(Brief descriptive captions)
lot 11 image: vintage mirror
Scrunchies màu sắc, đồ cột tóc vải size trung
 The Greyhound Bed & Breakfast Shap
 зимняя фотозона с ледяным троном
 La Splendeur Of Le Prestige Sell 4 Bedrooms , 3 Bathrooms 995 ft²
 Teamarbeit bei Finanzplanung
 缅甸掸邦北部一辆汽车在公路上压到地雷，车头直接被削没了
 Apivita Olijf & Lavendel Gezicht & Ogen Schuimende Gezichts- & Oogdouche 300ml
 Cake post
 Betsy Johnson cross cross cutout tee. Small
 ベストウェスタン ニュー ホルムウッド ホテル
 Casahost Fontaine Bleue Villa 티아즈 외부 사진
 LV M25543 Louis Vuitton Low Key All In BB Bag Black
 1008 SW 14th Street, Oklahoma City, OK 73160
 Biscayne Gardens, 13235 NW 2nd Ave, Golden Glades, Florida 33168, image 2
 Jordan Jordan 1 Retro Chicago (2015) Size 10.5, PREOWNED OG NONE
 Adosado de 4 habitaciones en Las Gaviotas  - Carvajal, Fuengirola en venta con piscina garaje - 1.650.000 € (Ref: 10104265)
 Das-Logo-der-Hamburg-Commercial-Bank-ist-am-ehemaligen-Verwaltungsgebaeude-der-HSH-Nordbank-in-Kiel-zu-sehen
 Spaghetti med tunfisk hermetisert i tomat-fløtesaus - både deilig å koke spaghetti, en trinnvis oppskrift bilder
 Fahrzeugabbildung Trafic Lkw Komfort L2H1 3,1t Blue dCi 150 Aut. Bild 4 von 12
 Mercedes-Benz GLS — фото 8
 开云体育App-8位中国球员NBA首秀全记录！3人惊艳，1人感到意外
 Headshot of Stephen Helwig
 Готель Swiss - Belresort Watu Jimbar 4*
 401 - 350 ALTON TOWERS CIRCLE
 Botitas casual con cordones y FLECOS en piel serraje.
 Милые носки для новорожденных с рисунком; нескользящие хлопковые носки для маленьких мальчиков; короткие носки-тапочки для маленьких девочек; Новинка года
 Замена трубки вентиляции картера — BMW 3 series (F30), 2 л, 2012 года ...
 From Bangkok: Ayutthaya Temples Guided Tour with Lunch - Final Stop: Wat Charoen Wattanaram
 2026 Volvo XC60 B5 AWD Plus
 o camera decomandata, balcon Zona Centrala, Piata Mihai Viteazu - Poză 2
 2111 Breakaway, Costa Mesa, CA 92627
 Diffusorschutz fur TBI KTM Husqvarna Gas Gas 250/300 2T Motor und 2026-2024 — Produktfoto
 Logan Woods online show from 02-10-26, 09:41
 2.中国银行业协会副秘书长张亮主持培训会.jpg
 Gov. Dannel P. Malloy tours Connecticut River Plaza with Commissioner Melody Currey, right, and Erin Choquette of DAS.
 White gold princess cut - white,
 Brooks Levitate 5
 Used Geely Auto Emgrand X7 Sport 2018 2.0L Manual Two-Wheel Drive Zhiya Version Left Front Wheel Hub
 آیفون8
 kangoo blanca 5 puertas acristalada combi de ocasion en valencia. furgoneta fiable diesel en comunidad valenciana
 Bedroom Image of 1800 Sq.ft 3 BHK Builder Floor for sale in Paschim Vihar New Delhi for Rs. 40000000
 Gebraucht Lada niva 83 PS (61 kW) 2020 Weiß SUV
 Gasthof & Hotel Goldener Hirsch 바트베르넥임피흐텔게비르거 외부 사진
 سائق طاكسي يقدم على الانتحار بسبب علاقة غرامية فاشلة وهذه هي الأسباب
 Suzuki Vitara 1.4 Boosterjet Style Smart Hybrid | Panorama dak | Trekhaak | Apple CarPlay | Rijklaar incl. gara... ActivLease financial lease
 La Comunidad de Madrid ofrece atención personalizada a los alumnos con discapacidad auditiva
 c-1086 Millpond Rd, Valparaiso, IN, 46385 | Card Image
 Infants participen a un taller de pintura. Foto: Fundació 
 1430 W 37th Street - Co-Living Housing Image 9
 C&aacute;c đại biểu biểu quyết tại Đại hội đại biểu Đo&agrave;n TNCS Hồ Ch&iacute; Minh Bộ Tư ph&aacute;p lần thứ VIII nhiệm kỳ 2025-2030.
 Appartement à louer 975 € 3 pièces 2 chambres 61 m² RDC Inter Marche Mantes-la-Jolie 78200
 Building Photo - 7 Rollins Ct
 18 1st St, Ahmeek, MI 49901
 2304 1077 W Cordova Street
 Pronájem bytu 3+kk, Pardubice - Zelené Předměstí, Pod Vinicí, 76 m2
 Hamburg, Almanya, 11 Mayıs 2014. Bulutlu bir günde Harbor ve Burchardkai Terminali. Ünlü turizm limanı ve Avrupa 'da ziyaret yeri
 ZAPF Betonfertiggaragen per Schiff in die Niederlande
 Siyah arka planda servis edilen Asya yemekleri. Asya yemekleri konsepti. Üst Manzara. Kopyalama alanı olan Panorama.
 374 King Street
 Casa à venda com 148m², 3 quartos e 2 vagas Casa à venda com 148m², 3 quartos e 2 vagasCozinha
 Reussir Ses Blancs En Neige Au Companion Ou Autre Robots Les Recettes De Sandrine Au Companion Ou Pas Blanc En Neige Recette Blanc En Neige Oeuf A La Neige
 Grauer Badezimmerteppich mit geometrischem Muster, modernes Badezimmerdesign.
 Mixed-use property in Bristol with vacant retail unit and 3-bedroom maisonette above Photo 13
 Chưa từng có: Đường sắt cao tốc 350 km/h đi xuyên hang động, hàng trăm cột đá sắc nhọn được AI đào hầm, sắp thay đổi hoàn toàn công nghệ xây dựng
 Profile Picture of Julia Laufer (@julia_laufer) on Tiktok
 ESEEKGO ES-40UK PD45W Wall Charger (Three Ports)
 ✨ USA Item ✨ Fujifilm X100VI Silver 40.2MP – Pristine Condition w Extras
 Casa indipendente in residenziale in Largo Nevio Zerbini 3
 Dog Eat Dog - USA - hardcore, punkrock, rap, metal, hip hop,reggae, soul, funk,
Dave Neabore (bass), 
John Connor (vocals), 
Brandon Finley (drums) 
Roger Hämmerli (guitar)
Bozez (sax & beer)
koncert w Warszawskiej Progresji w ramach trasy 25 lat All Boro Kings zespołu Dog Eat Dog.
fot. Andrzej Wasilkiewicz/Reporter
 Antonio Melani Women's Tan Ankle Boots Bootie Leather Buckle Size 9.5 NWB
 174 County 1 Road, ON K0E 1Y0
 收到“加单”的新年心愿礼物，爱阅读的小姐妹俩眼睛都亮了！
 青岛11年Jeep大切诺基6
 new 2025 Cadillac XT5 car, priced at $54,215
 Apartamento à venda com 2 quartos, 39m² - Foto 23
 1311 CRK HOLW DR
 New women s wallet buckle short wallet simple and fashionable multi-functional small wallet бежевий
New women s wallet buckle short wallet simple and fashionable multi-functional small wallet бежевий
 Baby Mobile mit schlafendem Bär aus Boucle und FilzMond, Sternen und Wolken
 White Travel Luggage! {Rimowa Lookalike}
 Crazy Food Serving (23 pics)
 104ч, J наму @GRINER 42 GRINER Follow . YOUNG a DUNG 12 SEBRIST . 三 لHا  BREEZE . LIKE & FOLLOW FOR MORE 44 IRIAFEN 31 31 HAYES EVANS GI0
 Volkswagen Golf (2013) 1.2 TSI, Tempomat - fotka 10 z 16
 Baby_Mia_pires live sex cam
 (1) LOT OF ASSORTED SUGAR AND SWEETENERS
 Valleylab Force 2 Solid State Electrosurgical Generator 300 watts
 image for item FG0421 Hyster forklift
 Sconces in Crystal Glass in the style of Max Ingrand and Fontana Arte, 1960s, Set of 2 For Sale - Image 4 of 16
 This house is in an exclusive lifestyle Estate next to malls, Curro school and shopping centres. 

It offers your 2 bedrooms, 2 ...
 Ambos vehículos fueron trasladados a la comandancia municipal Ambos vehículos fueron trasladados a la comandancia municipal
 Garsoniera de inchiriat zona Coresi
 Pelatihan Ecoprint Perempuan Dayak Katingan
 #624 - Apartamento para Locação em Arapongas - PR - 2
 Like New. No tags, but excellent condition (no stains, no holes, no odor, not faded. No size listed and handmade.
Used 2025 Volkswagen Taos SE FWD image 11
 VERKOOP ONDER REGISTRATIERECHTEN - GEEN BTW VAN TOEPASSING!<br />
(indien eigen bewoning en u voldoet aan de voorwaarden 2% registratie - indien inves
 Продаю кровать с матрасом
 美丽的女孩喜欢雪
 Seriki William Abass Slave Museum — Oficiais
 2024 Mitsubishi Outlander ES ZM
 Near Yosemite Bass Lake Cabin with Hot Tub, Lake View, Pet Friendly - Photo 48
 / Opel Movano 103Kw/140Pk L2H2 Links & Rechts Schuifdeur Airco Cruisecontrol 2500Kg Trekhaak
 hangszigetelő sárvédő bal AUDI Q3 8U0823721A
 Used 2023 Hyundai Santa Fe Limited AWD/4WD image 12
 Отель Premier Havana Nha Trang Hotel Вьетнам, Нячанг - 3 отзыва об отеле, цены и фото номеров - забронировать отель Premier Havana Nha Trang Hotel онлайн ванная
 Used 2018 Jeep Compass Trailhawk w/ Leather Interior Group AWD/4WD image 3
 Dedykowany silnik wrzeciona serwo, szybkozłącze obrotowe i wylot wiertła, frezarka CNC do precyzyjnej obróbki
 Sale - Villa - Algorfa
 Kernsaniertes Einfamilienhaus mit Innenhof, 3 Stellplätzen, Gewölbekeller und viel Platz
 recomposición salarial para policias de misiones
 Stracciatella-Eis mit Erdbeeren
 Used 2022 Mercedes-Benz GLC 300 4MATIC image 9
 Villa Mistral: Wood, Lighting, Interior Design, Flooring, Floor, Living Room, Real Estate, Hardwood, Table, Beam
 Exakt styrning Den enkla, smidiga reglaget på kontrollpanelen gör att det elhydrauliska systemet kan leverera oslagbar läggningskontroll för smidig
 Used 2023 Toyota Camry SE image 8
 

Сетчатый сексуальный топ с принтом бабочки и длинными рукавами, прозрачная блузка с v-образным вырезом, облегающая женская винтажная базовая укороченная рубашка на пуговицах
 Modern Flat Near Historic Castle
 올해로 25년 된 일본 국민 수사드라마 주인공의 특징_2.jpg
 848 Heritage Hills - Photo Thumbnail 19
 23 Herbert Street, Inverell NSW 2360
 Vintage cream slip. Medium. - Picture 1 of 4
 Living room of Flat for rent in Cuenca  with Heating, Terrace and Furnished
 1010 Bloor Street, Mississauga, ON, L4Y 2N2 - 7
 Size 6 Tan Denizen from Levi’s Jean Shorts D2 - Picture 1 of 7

## Exercise directions
With the first line being the one containing "recomposición salarial para" and the last line the one containing "Сетчатый сексуальный топ", transcribe exactly the lines above that fall in that range.

## Final answer
 recomposición salarial para policias de misiones
 Stracciatella-Eis mit Erdbeeren
 Used 2022 Mercedes-Benz GLC 300 4MATIC image 9
 Villa Mistral: Wood, Lighting, Interior Design, Flooring, Floor, Living Room, Real Estate, Hardwood, Table, Beam
 Exakt styrning Den enkla, smidiga reglaget på kontrollpanelen gör att det elhydrauliska systemet kan leverera oslagbar läggningskontroll för smidig
 Used 2023 Toyota Camry SE image 8
 

Сетчатый сексуальный топ с принтом бабочки и длинными рукавами, прозрачная блузка с v-образным вырезом, облегающая женская винтажная базовая укороченная рубашка на пуговицах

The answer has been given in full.